En ce jour du seigneur, lorsqu’on descend le boulevard Clémenceau, on s’attendrait à croiser des turfistes mais ce sont surtout des mélomanes qui s’apprêtent à entrer dans le hall de l’hippodrome… Grâce à un succès grandissant depuis 1997 qui lui permet  de rassembler près de 100 exposants aujourd’hui, la foire aux disques de Marcq-en-Baroeul est le rendez-vous biannuel phare de tous les collectionneurs de la région.

Tous les styles de musique sont évidemment au rendez-vous, de la variété française à la musique classique en passant par l’électro la plus étrange et anonyme, le tout gravé sur deux principaux supports : le CD, bien sûr, mais surtout le vinyle.

La manifestation peut compter sur le soutien des nostalgiques

Ce support « ringardisé » à la fin des années 80 revient sur le devant de la scène en surfant sur la tendance « vintage » qui se généralise dans la culture de la jeunesse occidentale. Mais les nostalgiques, forcément plus âgés, sont également présents et permettent à ce genre d’événement de tenir debout. Comme dirait Vîrus, rappeur, « est-ce que l’on souffre plus de ce qu’on n’a pas connu ou de ce qu’on a perdu ? » Les deux mon cher Watson.

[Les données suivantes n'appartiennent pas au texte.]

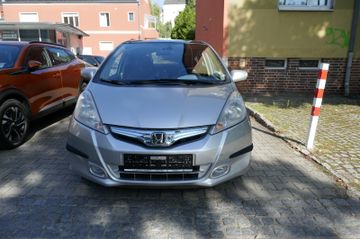 Fahrzeugabbildung Honda Jazz Hybrid Elegance #91TKM #Automatik # Tüv Neu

Certains viennent même, en famille, s’enduire les doigts de poussière afin de trouver la perle rare : un best-of de Fleetwood Mac pour papa et un vinyle de break-beats pour le fiston qui se lance dans le deejaying.

Etienne, vendeur, est évidemment ravi mais s’inquiète pour le futur. « Je remarque que les plus jeunes, qui ont grandi avec Internet, ne bougent plus de chez eux pour acheter quelque chose. » Les géants comme Amazon font également peur à ce type de commerçants. « Vous avez vu l’entrepôt qu’ils ont installé à Douai ? C’est impressionnant ! » s’exclame-t-il. Quoiqu’il en soit, Etienne ose espérer qu’il y aura toujours « des gens assez motivés pour se promener dans les étals afin d’être en relation avec la matière, avec la réalité ».